Simulate a Turing-Machine over a Turing Machine

decidabilitysimulationturing-machines

It seems that $ \text{NV}_{\text{TM}} = \{〈N〉: N \text{ a Turing-Machine and } L(N) ≠ ∅\}$ is not decidable.

Here is a proof:

Suppose that $\text{NV}_{\text{TM}}$ is decidable with the
Turing-Machine $R$.

We can define for each Turing-Machine $M$ and each entry $w$ a
Turing-Machine $S_{M,w}$ as follow:

$S_{M,w} :=$

  1. If $x \not= 0$, then reject $x$;
  2. If $x = 0$, then simulate $M$ on $w$ and accept if and only if $M$ accepts $w$

Consider now the Turing-Machine

$T :=$

  1. Input $〈M, w〉$:
  2. Construct the machine $S_{M,w}$ and product $〈S_{M,w}〉$;
  3. Simulate $R$ on the input $〈S_{M,w}〉$ :
  4. If $R$ accepts $〈S_{M,w}〉$ then accept $〈M, w〉$
  5. If $R$ rejects $〈S_{M,w}〉$ then reject $〈M, w〉$

I am a bit confused.

  1. How it is possible to simulate $R$ on the input $〈S_{M,w}〉$? For me, it is weird to simulate a Turing-Machine on another Turing-Machine. Is it related to Universal Turing Machine?
  2. The proof says nothing else. Supposing that $ \text{NV}_{\text{TM}}$ decidable should implies that $A_{TM}$ is also decidable. How with that proof can we say that $A_{TM}$ is dedicable (Contradiction)?

Best Answer

$R$ is a known Turing machine, so we don't have to use the universal Turing machine. We just switch to running $R$ on the input $\langle S_{M, w} \rangle$. We "call $R$ as a helper function", to use a programming analogy.

The idea is that $T$ decides halting problem. We know that $T$ always halts, since by assumption $R$ always halts.

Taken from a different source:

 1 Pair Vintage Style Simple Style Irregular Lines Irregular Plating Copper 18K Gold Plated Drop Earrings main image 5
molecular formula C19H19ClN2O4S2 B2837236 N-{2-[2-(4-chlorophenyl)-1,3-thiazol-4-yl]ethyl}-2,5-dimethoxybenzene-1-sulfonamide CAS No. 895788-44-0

Now note that $R$ accepts $\langle S_{M, w} \rangle$ iff $L(S_{M, w}) \neq \emptyset$ iff $\{0 | M$ halts on $w\} \neq \emptyset$ iff $M$ halts on $w$.

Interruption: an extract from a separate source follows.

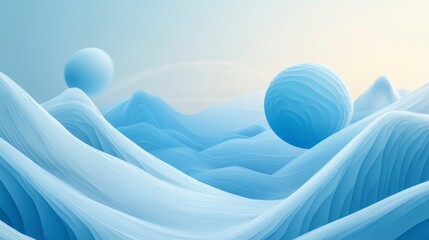 Aufkleber - Abstract blue landscape with two spheres.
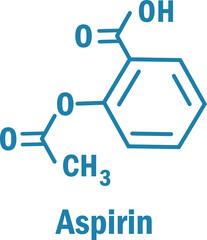 Aspirin skeletal formula molecular structure in chemistry.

And note that $T$ accepts $\langle M, w \rangle$ iff $R$ accepts $S_{M, w}$ iff $M$ halts on $w$. So $T$ solves the halting problem.

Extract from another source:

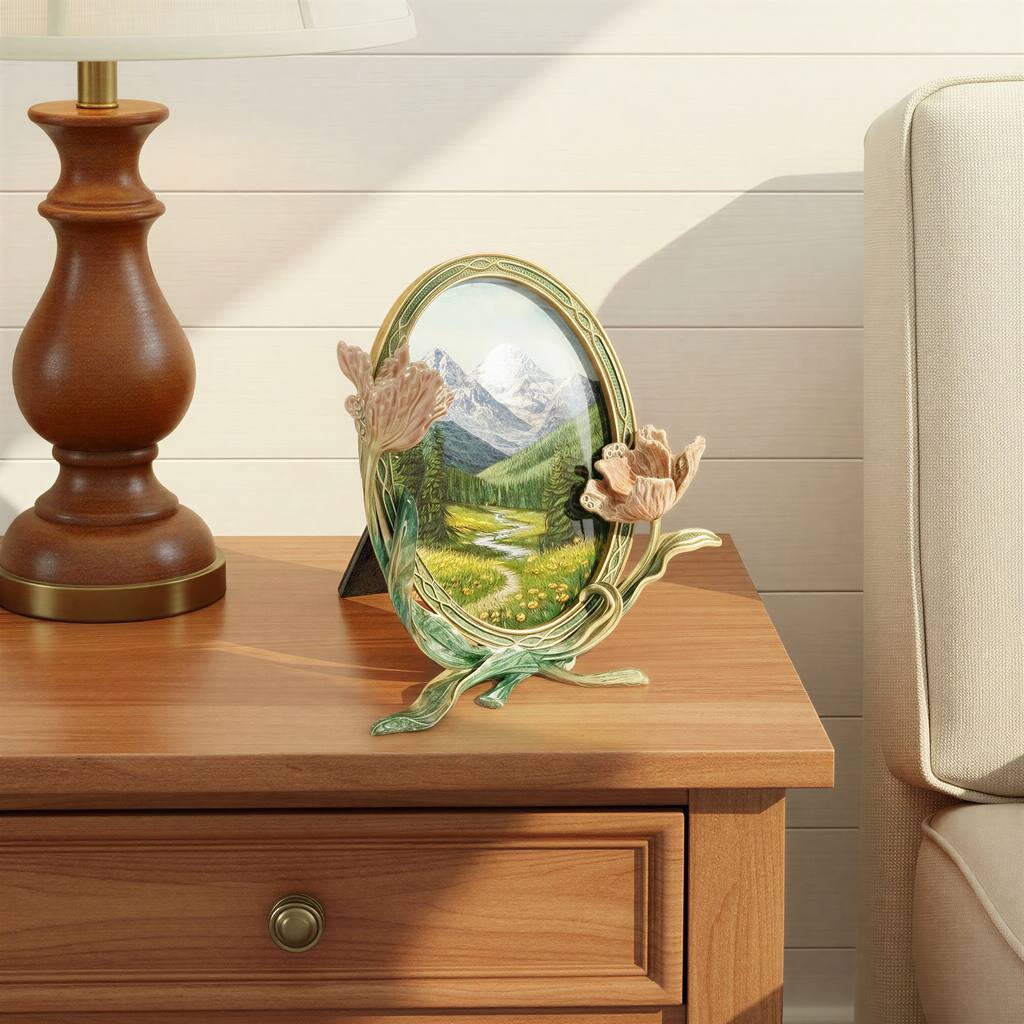 Enameled Metal Photo Frame with 3D Flowers & Jewels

But we know the Halting problem cannot be decided by any Turing machine. This is a contradiction.

Edit for more detail on "simulation":

Consider two Turing machines $T_1$ and $T_2$. We can "compose" the two machines to produce a machine $T$ which does the following:

  1. Run $T_1$ on the input.
  2. Run $T_2$ on whatever is left on the tape from the execution of $T_1$. If $T_2$ is an accepting/rejecting machine rather than just a machine which computes an output on the tape, then accept/reject as $T_2$ does.

The idea is as follows: our combined machine will have all the states which $T_1$ has, together with all the states $T_2$ has (WLOG assuming no overlap). The starting state will be the initial state of $T_1$. When we reach a halting state of $T_1$, instead of halting, we transition to the starting state of $T_2$.

We call $T$ the "composition" $T_2 \circ T_1$ because if $T_1$ computes function $f_1$ and $T_2$ computes function $f_2$, $T$ will compute $f_2 \circ f_1$.

Recall the steps given in the text:

  1. From $\langle M, w \rangle$ construct $\langle S_{M, w} \rangle$.
  2. Execute $R$ on the input $\langle S_{M, w} \rangle$. Accept iff $R$ accepts; reject iff $R$ rejects.

This is the composition of two Turing machines. Let $T_1$ be the Turing machine which computes $\langle S_{M, w} \rangle$ from $\langle M, w \rangle$. Then the Turing machine we want to construct is $T = R \circ T_1$.